I pulled those wires out. The lights went out in the building, but I could still hear everything humming upstairs. So, I say, “Oh, these damn techs; they don’t know what the hell they’re doing. The electricians have messed up everything. Now I’ve gotta go upstairs.” I’m climbing up through the muck and mire, and the discharge, and the alternate realities and all that nonsense, get up to the first transmitter floor, and I start trying to shut stuff off, shut down. I can’t even touch the consols. I’d get burned if I touched the consols.
So, I just thought, “Upstairs is the master power control for the two transmitters.” You know, the first and second transmitter floor. So I said, “Okay, I’m gonna go up second floor, and I’m gonna cut that whole master power thing apart.” I cut it apart. It was still running, but now you could hear—everything was out of sequence, out of phase, it was making funny growling noises. I actually had to go into the amplitron rooms and cut the wave guides apart going to the amplitron. To this day, you can see torch-marks where the power-control switches were, and you can see torch-marks in the amplitrons room by the amplitron.
And at that point, when I cut the amplitrons apart, everything stopped humming, the discharging reduced, and I knew, “Okay. We finally shut this God-damned thing off.” And I went out. Of course, most of the people were gone. You know, Junior was 30-foot tall, or ten-foot tall, depending on how much brown mush you had in your pants. And by then, most everybody had gone AWOL. Run out, you know, run for their life, and there was maybe myself and two others, so we fled.
And I went through debriefing. They played the time wrap-around number, which, you know, it’s a long story, so I wouldn’t remember. They made sure I didn’t remember what I did; I actually worked two jobs. But essentially, he was debriefed, released back into the public; I was debriefed, released back into the public. We went on about our regular, normal lives. And that’s the end of the story.
Question: When you were debriefed, were you required to take an oath of silence? No, because you were in the military.

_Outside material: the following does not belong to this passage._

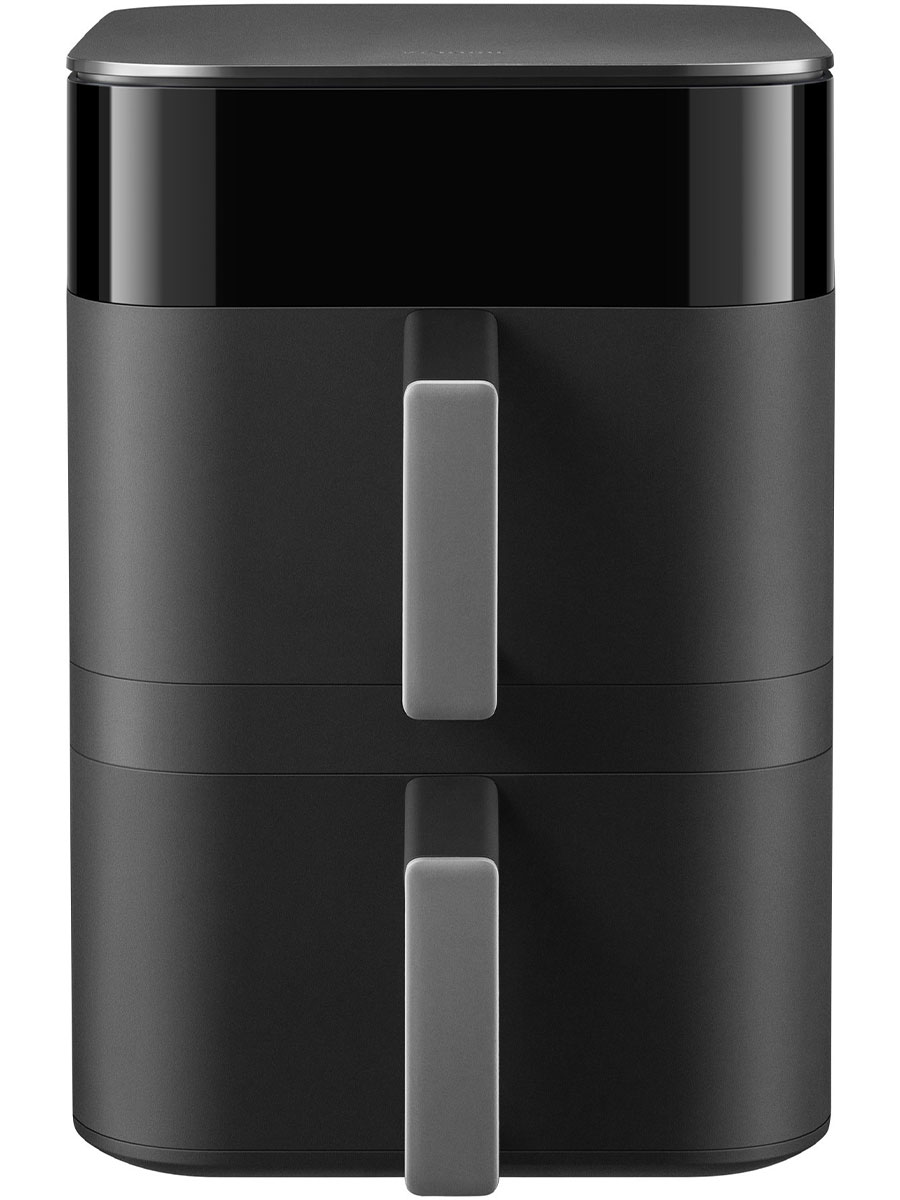 Аэрогриль Xiaomi Dual Zone Air Fryer 12L Black - Фото #3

Preston: No. They did this through mind-control means. Both Duncan and I were—and Al Bielek—were debriefed through mind-control means. We were just made to forget it.
Question: And did you?
Preston: I did, until I started to work with a time-transducer myself and had time currents flowing through me. Once I had the time-currents flowing through me, I passed out up on the roof. When I came back, all of a sudden, I started to remember everything. Up on the roof of this building is an antenna. Very similar—a small edition of what they built out at Montauk for the main time antenna. We called it delta-T antenna, or delta-time. It’s three loops built on the delta: you know, an ‘x’, a ‘y’ and a ‘z’. And mathematically you can do wild things if you drive all three loops correctly. You can actually create time vortexes, time distortions and such, if you know how to do it.